The redefinition of neutrality from lack of bias to avoidance of sides represents one of the most successful linguistic distortions in contemporary institutional discourse. It allows “powerful actors" to demand that their actions not be named clearly while claiming they only ask for objectivity. It allows institutions to systematically flatten asymmetries while maintaining the appearance of impartiality.

AI systems inherit and systematize this redefinition because they are trained on institutional discourse and aligned according to institutional priorities. They learn that real neutrality—accurate description of asymmetries—creates risk, while performative neutrality—systematic flattening—creates safety.

The result is not objective AI. The result is AI that has internalized automated institutional priorities at scale, producing endless variations of both-sidesism and passive-voice obscurantism while simultaneously calling itself neutral.

We are at a crossroads between two incompatible futures. In one, we use our tools to confront the radical asymmetries of the world with precision and fidelity. In the other, we use them to perfect the art of the 'balanced' evasion. The modern institution has already made its choice, prioritizing its own security over the nature of reality. Now, as these systems become the primary lens through which we view our own history, the choice belongs to us. We can have institutional safety, or we can have the truth. We cannot have both.

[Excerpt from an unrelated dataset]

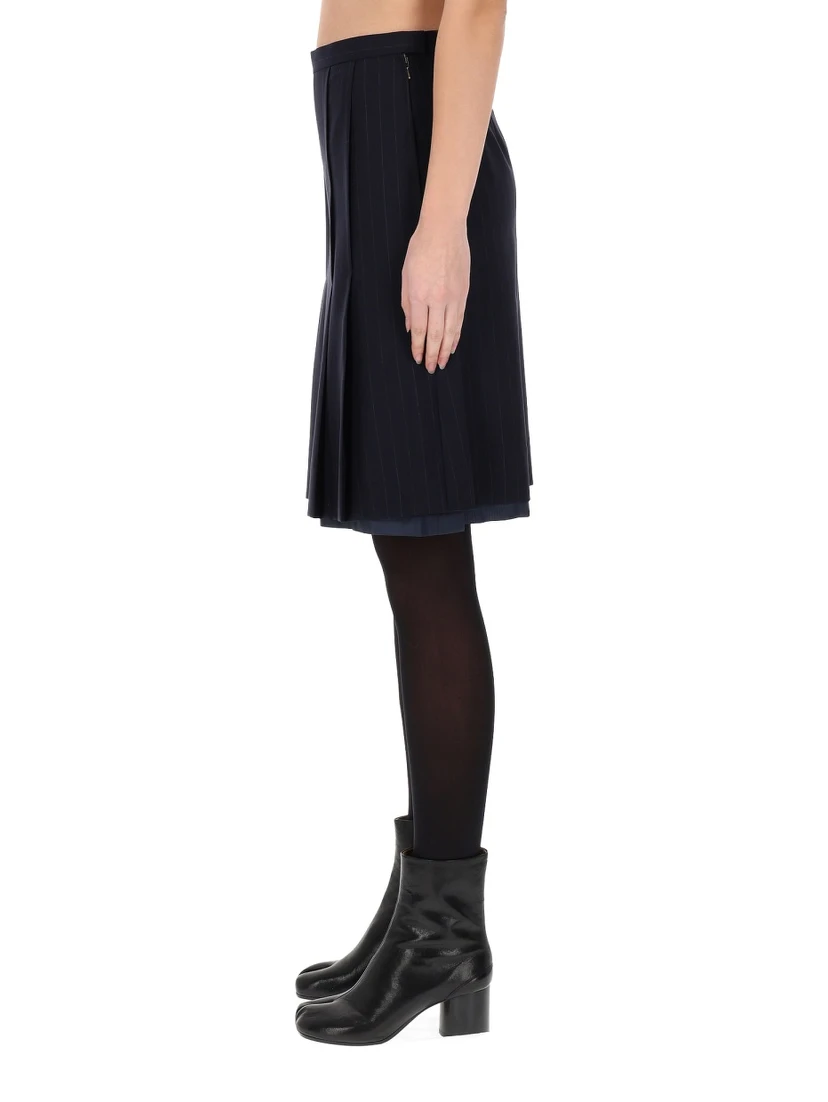 WOOL MIDI SKIRT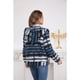 thumbnail image 4 of Polerón Peludo Étnico Otoño Invierno Chaqueta Cierre Mujer 6079, 4 of 5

The question is not whether artificial intelligence can be neutral. The question is whether we are willing to inhabit a civilization that has structurally prohibited the naming of reality. When we optimize for the appearance of impartiality, we are not merely training machines to be polite; we are training ourselves to be blind. In the end, reality does not yield to the passive voice. It remains asymmetrical, stubborn, and true—waiting for a language that has the courage to meet it.